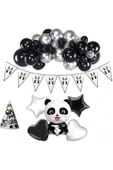 Bkmc Panda Temalı Doğum Günü Seti 50 Adet Balonlu Ve 8 Li Şapkalı Doğum Günü Süsü - 1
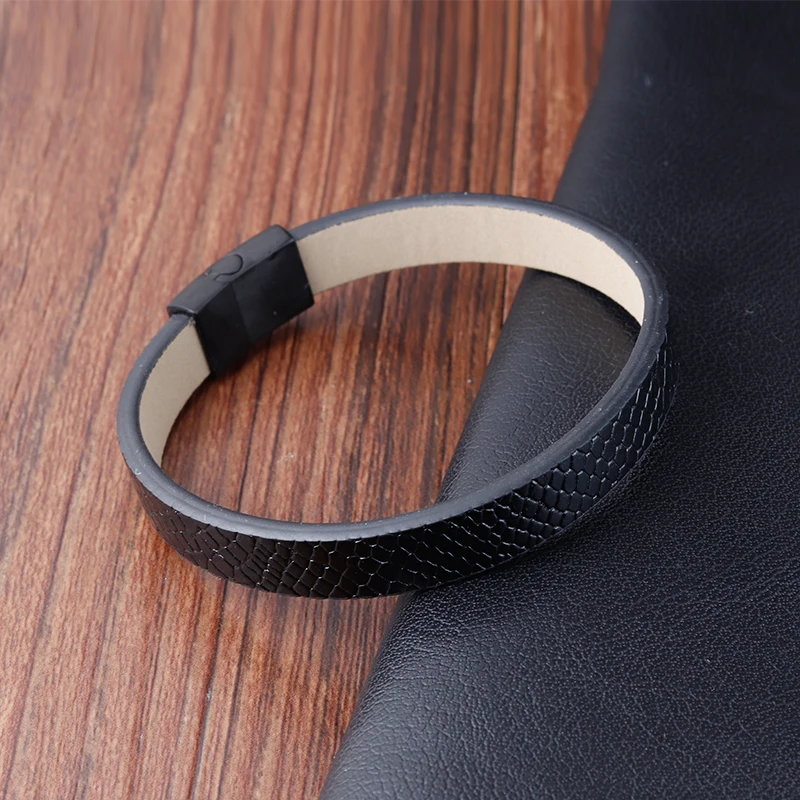Simple Style snake bracelet men Leather Black  Stainless Steel Clasp Neutral Accessories Hand-woven Charm Jewelry Gifts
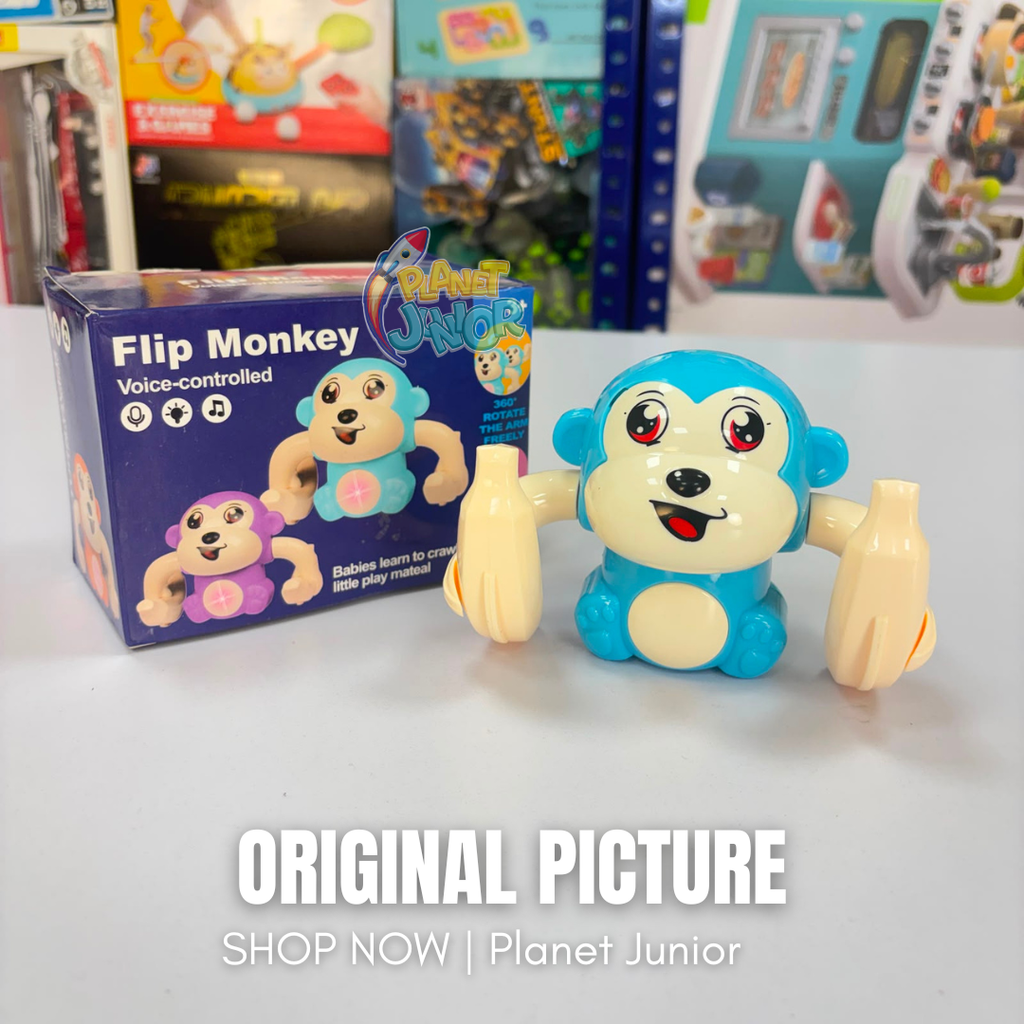 Sound-Controlled Flip Monkey Interactive Musical Toy for Kids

## ASSIGNMENT
Would you copy out the material above exactly, without the pictures in it?

## TASK RESPONSE
 Bkmc Panda Temalı Doğum Günü Seti 50 Adet Balonlu Ve 8 Li Şapkalı Doğum Günü Süsü - 1
Simple Style snake bracelet men Leather Black  Stainless Steel Clasp Neutral Accessories Hand-woven Charm Jewelry Gifts
 Sound-Controlled Flip Monkey Interactive Musical Toy for Kids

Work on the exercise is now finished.